5. Buy yourself a little time, paint a fake pile of treasure in the dragon's lair to replace the one you just took.

Deth Muncher
2010-01-24, 03:26 PM
I have seen real life versions of what appear to be the things seen in Escher drawings from a very specific angle. In my view it would create something like this. (http://im-possible.info/english/articles/real/real3.html)

Ah! My brainmeats! They hurt!

Randel
2010-01-25, 12:49 AM
Paint a realistic mural of a WWII tank, then rub your hands evilly, walk into the painting, get in the tank, and drive it out into the medieval fantasy world while laughing manically. If you run out of gas... just paint some more.

(This was inspired by a scene from the Darkwing Duck episode "Negaduck" where Darkwings evil side goes into a movie theater showing the 'cute lost bunnies' movie, starts shooting up the place, jumps into the movie and inexplicably drives out of it with a battletank!)

Paint up a nonliving copy of yourself and use it to fake your own death... or use transmutation magic and Raise Dead to bring it to life. Not sure if that would work, or result in some kind of weird toon version of yourself.

Get a police box and paint a 10x10 room inside of it. Get another can of paint and paint another 10x10 room off to the side of that room. Then hook up some teleportation magic items into it and you have your very own TARDIS.

Get something you want to get rid of like an Artifact of Doom or a resilient enemy. Dig a hole in the ground, dump the thing in it, then paint a bigger hole on top of that... and wonder where the stuff you painted over went to.
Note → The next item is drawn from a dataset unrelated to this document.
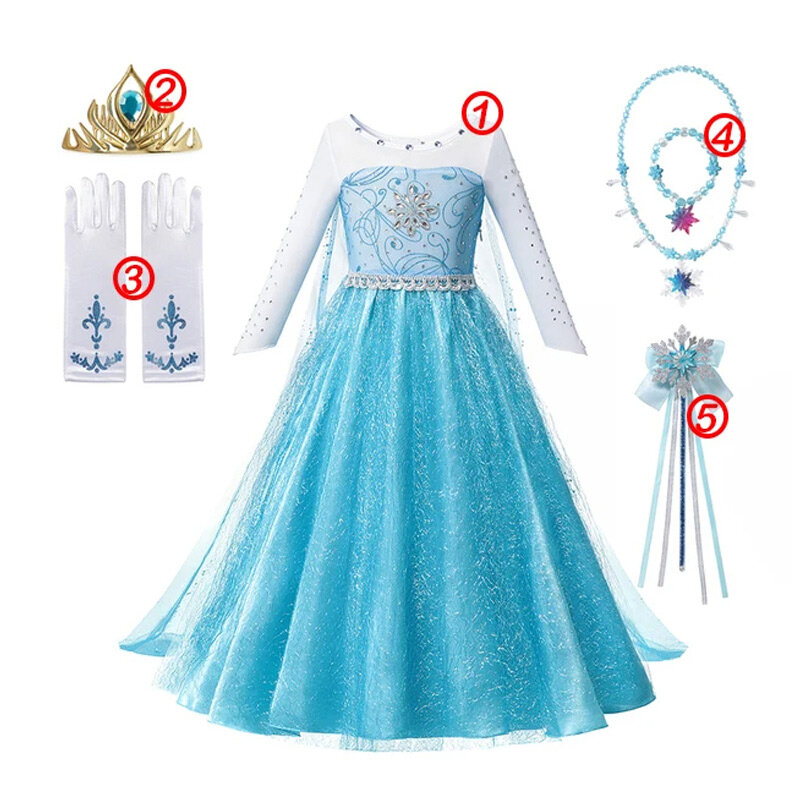 Disney แช่แข็งเครื่องแต่งกายชุดเจ้าหญิงสีขาว Sequined ตาข่ายบอล Carnival เสื้อผ้าเด็ก Cosplay Snow Queen Elsa Anna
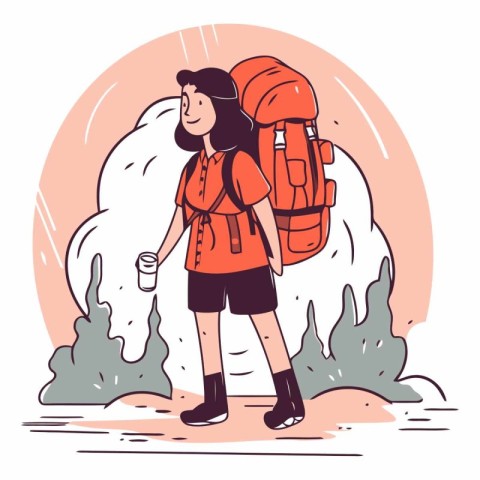 Tourist girl with a backpack on a hike.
Paint up a barrel full of dynamite, write "Warning: High Explosives" on the side, then cast Explosive Runes on the warning label. Then get out and watch the fireworks.

Paint R2-D2

Paint up a huge feast whenever you want one.

Paint up several cans of mundane paint, then paint all sorts of stuff everywhere to confuse people.

Paint up a paintball gun that lets you shoot pellets of Marvelous pigments onto your enemies, effectively painting grievous wounds on them (or just painting huge holes in them or something).

chiasaur11
2010-01-25, 12:59 AM
Robo-Gamera.

You know you need one.

TheStillWind
2010-01-25, 01:47 AM
The best thing to do is create a portable house.
Step 1. Get portable hole
Step 2. Get paints
Step 3. Paint depth to the house
Step 4. Move in basic amenities

It is only limited by your imagination.